ABOUT THIS EXERCISE> Write out the material below exactly, beginning at the line that contains "Black Wall Clock" and ending with its last line, both ends included; write nothing else.

THE INPUT>
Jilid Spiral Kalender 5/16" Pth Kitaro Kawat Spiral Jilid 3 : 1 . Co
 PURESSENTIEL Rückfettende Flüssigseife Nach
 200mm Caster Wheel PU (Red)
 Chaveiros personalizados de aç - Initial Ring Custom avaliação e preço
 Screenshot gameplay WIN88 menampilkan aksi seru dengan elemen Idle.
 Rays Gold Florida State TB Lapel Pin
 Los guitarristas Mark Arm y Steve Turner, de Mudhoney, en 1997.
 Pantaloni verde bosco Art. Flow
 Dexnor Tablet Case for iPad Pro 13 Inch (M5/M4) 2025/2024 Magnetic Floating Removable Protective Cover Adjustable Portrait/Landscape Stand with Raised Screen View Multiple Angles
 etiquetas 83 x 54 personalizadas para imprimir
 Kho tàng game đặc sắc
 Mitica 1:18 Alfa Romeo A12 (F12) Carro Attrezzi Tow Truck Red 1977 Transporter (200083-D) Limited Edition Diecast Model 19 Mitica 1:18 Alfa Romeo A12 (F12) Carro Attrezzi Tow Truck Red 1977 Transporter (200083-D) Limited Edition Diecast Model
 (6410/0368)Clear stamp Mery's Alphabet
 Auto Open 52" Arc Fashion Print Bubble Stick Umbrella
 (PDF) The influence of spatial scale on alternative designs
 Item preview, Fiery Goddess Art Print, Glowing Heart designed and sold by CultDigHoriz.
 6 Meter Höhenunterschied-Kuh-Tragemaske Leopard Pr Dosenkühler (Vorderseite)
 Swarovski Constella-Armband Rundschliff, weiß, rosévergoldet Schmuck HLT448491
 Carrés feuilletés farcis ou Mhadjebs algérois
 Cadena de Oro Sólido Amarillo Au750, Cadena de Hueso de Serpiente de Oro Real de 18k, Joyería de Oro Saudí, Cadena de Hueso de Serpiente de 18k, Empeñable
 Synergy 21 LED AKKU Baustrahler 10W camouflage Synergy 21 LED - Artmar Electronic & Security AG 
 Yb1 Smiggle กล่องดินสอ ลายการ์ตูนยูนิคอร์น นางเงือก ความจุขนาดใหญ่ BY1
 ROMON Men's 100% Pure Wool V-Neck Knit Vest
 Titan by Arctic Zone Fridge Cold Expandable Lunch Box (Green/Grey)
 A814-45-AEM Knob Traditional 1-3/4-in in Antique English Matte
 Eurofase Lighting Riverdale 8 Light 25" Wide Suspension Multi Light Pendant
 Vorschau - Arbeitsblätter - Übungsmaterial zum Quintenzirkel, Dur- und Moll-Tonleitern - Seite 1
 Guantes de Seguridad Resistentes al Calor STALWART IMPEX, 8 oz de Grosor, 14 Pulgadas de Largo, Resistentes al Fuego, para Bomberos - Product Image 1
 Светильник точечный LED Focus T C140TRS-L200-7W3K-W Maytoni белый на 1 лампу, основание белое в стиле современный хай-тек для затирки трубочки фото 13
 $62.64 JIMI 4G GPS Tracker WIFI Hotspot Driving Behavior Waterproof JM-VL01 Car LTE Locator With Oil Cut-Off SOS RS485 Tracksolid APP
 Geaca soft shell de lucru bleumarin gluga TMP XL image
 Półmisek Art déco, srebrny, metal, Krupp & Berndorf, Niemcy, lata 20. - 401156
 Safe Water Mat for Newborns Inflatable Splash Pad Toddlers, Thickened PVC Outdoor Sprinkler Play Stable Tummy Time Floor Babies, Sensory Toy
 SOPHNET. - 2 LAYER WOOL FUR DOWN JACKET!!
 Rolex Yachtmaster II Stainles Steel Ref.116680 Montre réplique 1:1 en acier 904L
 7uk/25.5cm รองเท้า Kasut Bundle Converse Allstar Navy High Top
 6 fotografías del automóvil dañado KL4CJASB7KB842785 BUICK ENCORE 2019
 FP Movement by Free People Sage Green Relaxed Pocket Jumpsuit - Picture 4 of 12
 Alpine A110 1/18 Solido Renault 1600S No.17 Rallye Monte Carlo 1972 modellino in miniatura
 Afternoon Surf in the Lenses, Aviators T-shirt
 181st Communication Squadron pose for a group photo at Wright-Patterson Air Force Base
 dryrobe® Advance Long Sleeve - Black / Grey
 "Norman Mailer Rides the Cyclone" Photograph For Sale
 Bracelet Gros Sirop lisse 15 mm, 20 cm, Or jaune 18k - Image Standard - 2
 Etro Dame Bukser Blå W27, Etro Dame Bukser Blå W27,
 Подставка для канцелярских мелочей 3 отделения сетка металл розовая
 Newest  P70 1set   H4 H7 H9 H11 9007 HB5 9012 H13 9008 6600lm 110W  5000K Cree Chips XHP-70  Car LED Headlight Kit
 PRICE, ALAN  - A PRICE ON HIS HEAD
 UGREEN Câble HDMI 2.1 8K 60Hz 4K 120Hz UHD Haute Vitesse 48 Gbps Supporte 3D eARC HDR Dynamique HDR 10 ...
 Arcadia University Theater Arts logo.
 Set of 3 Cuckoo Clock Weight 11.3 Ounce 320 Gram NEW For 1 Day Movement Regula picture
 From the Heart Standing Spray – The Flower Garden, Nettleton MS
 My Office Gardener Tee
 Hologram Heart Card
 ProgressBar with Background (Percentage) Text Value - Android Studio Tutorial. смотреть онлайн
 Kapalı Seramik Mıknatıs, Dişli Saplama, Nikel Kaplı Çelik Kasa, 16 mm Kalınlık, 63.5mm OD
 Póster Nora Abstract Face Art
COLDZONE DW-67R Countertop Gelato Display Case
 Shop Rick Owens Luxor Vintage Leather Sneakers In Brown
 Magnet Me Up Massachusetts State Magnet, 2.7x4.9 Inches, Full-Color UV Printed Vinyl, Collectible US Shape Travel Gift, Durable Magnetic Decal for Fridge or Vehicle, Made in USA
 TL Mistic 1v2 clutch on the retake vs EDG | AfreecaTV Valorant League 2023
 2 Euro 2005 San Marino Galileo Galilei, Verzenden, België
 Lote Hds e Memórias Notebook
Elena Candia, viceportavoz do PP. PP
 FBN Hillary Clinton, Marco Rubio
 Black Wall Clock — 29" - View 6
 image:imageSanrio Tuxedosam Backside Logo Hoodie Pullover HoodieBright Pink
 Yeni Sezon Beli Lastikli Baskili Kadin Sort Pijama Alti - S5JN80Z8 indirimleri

EXERCISE OUTPUT>
 Black Wall Clock — 29" - View 6
 image:imageSanrio Tuxedosam Backside Logo Hoodie Pullover HoodieBright Pink
 Yeni Sezon Beli Lastikli Baskili Kadin Sort Pijama Alti - S5JN80Z8 indirimleri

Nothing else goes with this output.